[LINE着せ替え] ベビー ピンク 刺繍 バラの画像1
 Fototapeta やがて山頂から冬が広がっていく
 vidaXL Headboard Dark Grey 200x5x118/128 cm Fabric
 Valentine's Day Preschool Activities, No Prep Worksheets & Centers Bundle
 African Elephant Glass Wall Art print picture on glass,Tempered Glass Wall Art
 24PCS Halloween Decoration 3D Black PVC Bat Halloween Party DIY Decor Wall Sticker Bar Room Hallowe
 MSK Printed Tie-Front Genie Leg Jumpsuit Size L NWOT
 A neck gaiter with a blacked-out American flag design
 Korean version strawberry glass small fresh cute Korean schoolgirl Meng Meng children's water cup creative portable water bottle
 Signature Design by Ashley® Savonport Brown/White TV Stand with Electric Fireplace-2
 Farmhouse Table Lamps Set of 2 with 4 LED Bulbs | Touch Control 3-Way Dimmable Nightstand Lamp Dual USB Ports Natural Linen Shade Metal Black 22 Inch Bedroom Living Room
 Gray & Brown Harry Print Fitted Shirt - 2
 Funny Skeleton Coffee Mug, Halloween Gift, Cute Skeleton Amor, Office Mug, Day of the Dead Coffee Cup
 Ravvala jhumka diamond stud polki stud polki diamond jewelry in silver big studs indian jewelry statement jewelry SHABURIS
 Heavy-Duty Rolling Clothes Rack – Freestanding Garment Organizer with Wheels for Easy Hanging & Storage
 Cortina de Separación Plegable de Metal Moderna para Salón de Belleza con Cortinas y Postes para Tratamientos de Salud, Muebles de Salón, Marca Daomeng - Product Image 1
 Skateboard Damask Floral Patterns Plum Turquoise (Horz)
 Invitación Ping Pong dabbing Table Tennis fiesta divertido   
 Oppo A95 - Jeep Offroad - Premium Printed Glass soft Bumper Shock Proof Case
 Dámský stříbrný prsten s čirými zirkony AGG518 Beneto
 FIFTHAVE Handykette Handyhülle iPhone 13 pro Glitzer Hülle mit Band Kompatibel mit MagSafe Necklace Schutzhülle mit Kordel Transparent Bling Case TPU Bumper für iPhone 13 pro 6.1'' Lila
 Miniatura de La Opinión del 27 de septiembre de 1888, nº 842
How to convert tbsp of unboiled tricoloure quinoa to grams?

§ To do:
Count the lines of the data that hold the string "Brown", and give that number as the entire reply.

§ Task result:
2